PROBLEM:
Once the line holding "Hey guys, this" is found, output it and all remaining lines of the data exactly, with every picture left out.

╔══

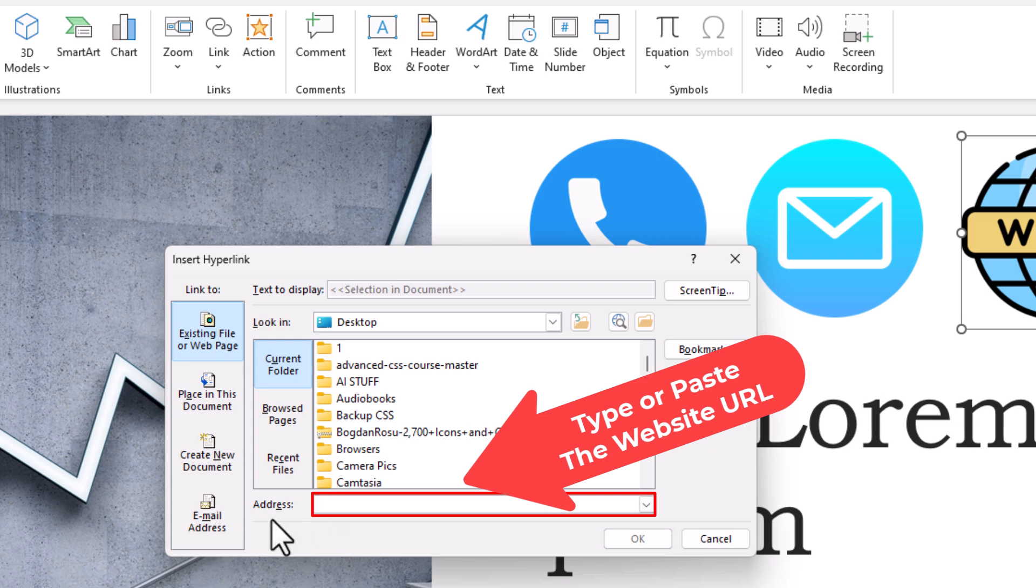For the sake of this video, I'm just going to hyperlink this to google.com. I'm going to paste mine in there.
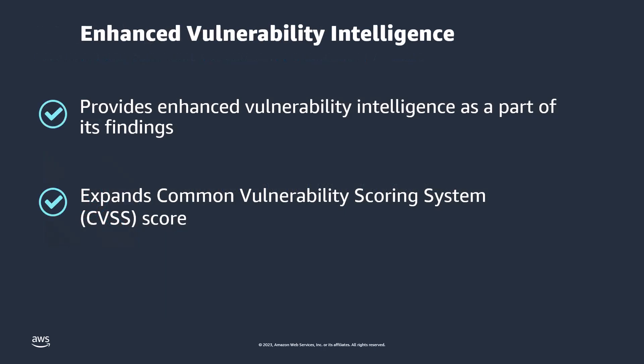Amazon Inspector provides enhanced vulnerability intelligence as a part of its findings. The enhanced vulnerability intelligence includes names of known malware kits used to exploit a vulnerability, mapping to MITRE ATT&CK framework, the date Cyber Security and Infrastructure Security Agency CISA added the vulnerability to known exploited vulnerabilities catalog KDEC,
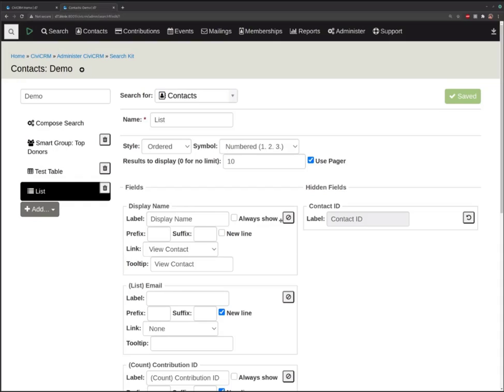Is it fair to describe Search Kit as a new way to build saved searches, or is it bigger than that? I would say it's bigger than that, because saved searches thus far in CiviCRM have only been used for smart groups, and now we're using them for displays as well.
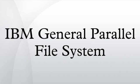The General Parallel File System is a high-performance clustered file system developed by IBM. It can be deployed in Shared Disk or Shared Nothing distributed parallel modes.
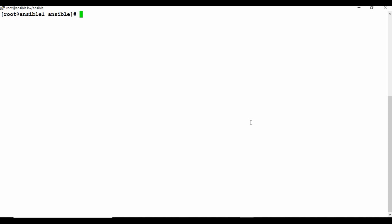Let's get started with the demo. I have two machines: one is the Ansible control machine where I'll run the Ansible playbook, and the other is the localhost — the machine where the play will be executed. That machine's IP address is set in the host inventory, and when we run the playbook it will run on the 'test servers' group.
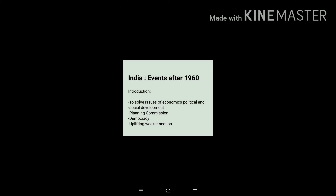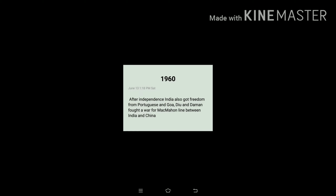India: Events after 1960. I am giving you an overview of the chapter. We are going to study how the issues of economics, politics and social development were solved — the Planning Commission, everything about democracy and also uplifting the weaker section. From the 1960s we are going to study. I request you to please listen to it just like a story so that you will be able to remember it.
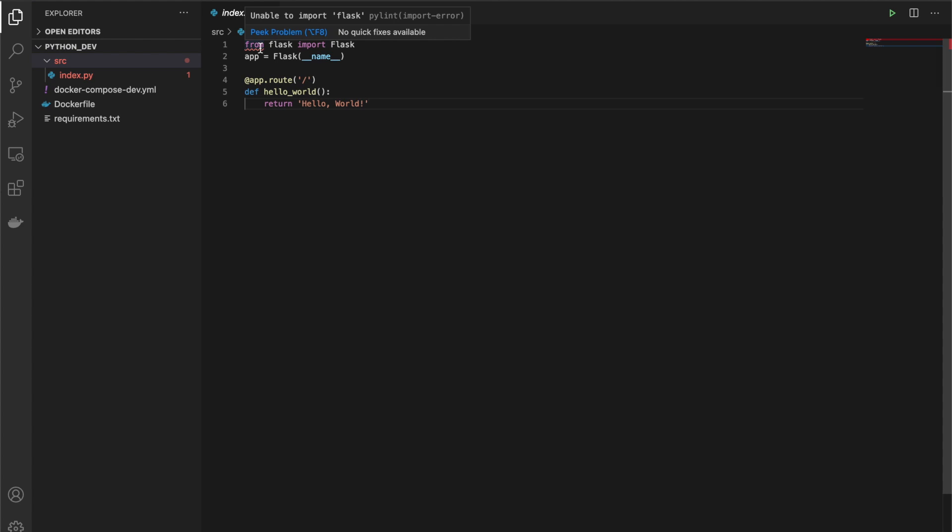So the only thing I do here is I import Flask and I make this single route at the root where it returns hello world.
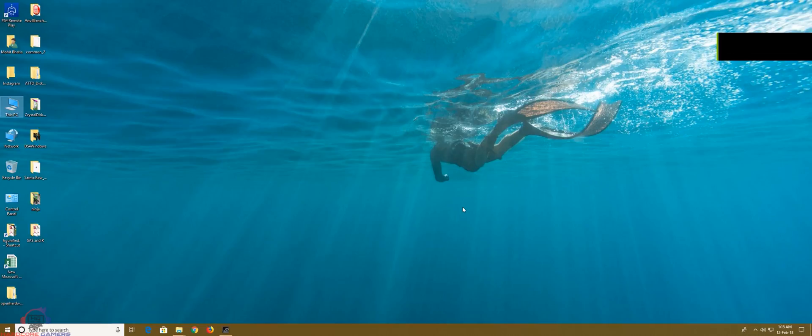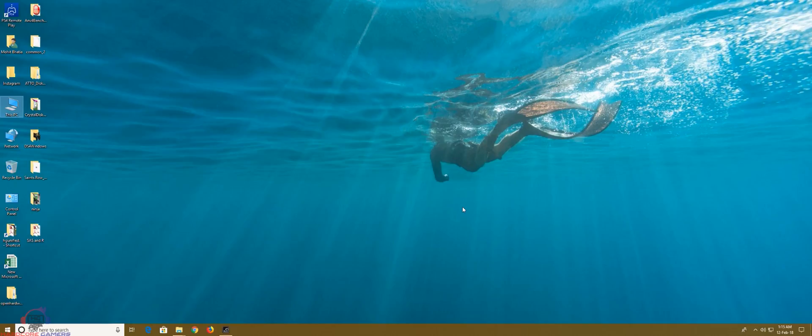Hey guys, this is Mafia97 and today I'm going to help you fix your Windows Insider Update System Shutdown and boot up issue.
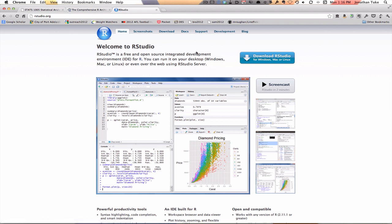R is the statistical software that we're using, and RStudio is just a nice, easy graphical user interface that will make everything a little bit easier. Okay, so let's assume now that you have your R installed.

╚══

SOLUTION FOR THIS PROBLEM:
Hey guys, this is Mafia97 and today I'm going to help you fix your Windows Insider Update System Shutdown and boot up issue.
R is the statistical software that we're using, and RStudio is just a nice, easy graphical user interface that will make everything a little bit easier. Okay, so let's assume now that you have your R installed.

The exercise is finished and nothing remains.